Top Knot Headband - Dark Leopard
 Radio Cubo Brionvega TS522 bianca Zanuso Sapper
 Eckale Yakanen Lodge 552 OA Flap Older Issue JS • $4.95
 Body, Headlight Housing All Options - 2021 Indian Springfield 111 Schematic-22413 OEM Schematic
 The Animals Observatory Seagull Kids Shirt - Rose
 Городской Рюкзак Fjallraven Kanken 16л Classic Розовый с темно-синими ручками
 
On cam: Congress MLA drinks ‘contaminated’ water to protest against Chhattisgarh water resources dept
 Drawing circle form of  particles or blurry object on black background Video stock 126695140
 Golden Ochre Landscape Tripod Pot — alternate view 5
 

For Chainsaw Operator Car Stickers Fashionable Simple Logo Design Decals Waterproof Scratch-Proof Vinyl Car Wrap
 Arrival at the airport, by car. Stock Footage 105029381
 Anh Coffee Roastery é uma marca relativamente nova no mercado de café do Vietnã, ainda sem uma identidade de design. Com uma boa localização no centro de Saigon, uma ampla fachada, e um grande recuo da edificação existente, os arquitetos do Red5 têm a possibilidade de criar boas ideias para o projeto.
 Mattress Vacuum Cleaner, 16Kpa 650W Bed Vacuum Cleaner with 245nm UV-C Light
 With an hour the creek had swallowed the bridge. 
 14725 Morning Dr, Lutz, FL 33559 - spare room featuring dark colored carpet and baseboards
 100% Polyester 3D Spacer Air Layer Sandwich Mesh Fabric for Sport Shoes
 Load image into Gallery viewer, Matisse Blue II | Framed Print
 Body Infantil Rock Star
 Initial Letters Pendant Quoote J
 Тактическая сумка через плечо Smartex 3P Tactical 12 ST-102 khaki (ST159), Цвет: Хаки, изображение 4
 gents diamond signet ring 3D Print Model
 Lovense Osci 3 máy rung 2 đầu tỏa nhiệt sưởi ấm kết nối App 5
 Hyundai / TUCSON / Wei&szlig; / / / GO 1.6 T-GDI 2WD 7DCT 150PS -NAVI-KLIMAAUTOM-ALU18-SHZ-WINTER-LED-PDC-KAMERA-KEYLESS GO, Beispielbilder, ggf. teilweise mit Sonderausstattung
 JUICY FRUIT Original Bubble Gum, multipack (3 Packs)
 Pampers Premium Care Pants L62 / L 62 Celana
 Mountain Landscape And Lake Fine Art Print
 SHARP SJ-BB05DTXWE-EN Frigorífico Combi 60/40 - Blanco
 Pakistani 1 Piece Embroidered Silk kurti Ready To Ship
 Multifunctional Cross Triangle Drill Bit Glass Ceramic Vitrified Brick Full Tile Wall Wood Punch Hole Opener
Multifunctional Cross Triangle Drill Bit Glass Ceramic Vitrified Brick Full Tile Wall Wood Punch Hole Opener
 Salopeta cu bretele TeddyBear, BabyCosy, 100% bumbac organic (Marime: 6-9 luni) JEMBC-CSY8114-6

■ ■ ■ ■ ■ ■ ■

**WORK TO COMPLETE**
Copy every line above in which the string "Tile" shows up.

**TASK RESPONSE**
 Multifunctional Cross Triangle Drill Bit Glass Ceramic Vitrified Brick Full Tile Wall Wood Punch Hole Opener
Multifunctional Cross Triangle Drill Bit Glass Ceramic Vitrified Brick Full Tile Wall Wood Punch Hole Opener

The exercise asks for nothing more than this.